As explained in the Order, "[d]uring the relevant time period, fifteen KMS financial advisers experienced email account takeovers in which unauthorized persons accessed the email accounts of the financial advisers or their assistants and had the ability to take action in the accounts. . . . In many of these instances, emails containing customer PII were forwarded to unauthorized email addresses outside of KMS. In some instances, customers received 'phishing' emails that requested them to: (a) wire funds to a bank account; (b) enter PII (such as a driver's license number or Social Security number) to access a document; or (c) click on a link to view an investment recommendation, which would grant access to the customer's computer." Once the account takeovers were discovered, the affected financial advisers' email passwords were reset, forwarding rules removed, and MFA enabled. However, "these security measures were not fully implemented firm-wide until August 2020, which was approximately 21 months after discovery of the first breach, in which approximately 2,700 emails of one KMS financial adviser were exposed for a period of 26 days during which unauthorized third parties forwarded the financial adviser's emails to an email address outside of the firm." The SEC also found that KMS lacked its own Incident Response Policy and, instead, used one tailored to one of the firm's subsidiaries.
According to the Order, the Respondent's conduct constituted a willful violation of Regulation S-P. The Respondent was censured, ordered to cease and desist, and fined $300,000. In imposing these sanctions the SEC acknowledged the Respondent's remedial acts.
Tamara K. Salmon
Associate General Counsel
[1] See In the Matter of Cetera Advisor Networks, LLC, Cetera Investment Services, LLC, Cetera Financial Specialists, LLC, Cetera Advisors, LLC, and Cetera Investment Advisers LLC, SEC Administrative Proceeding File No. 3-20490 (August 30, 2021), which is available at https://www.sec.gov/litigation/admin/2021/34-92800.pdf. The Order notes that these email account takeovers do not appear to have resulted in any unauthorized trades or transfers in the customers' accounts.

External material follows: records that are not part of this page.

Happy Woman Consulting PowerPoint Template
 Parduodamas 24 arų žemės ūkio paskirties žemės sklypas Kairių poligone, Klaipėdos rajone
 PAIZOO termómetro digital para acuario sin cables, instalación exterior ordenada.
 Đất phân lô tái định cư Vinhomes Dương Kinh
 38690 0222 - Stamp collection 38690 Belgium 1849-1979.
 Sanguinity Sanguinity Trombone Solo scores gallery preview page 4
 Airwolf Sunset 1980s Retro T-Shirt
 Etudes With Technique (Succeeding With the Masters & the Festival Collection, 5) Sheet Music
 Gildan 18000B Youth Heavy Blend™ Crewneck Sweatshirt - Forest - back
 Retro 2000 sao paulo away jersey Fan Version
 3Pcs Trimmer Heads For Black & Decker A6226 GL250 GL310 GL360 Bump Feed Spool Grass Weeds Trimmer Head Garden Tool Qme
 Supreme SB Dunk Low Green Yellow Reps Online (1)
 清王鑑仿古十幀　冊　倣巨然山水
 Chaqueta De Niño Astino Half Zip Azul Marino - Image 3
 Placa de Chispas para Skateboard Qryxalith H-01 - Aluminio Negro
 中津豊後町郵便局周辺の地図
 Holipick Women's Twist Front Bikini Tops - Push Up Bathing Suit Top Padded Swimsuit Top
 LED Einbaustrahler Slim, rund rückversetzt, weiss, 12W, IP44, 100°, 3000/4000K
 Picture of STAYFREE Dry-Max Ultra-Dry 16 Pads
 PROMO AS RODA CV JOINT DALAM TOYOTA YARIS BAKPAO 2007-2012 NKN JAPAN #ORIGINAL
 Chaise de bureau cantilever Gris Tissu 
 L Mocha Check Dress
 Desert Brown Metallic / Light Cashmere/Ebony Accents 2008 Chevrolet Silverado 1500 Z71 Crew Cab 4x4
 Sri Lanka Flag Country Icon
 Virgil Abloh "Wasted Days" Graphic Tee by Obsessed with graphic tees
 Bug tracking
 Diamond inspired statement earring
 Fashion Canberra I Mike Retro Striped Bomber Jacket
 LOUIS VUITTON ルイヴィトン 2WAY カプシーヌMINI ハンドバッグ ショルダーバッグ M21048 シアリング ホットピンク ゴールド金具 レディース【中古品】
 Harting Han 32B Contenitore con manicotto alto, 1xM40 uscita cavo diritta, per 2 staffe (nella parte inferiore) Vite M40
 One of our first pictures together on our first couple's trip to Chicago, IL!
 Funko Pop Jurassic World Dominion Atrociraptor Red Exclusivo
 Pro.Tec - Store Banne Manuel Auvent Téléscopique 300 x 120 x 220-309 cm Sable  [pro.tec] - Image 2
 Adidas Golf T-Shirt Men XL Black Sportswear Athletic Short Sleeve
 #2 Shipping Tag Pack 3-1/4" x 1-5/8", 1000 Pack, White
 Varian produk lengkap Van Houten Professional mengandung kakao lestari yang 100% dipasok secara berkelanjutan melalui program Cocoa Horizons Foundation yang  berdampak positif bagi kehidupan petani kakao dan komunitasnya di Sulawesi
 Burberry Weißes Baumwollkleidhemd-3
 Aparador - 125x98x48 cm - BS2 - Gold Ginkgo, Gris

[2] These notices stated that the breach resulted in unauthorized persons accessing the clients' information two months before the notice. According to the Order, "Each entity . . . had learned of the underlying breach at least six months earlier. The dates referenced in the letters were the dates the firms completed PII review of compromised email accounts and determined that particular recipient's PII may have been accessed. . . . Clients who were misinformed . . . would not have known to look for or guard against potential misuse of their PII that may have occurred more than two months before the received the misleading notices." Order at ¶ 18
[3] See In the Matter of Cambridge Investment Research, Inc. and Cambridge Investment Research Advisors, Inc., SEC Administrative Proceeding No. 3-20496 (August 30, 2021), which is available at https://www.sec.gov/litigation/admin/2021/34-92806.pdf.
[4] See In the Matter of KMS Financial Services, SEC Administrative Proceeding No. 3-20495 (August 30, 2021), which is available at https://www.sec.gov/litigation/admin/2021/34-92807.pdf. The Order notes that email account takeovers did not appear to have resulted in any unauthorized trades or fund transfers to unauthorized parties from the customers' accounts.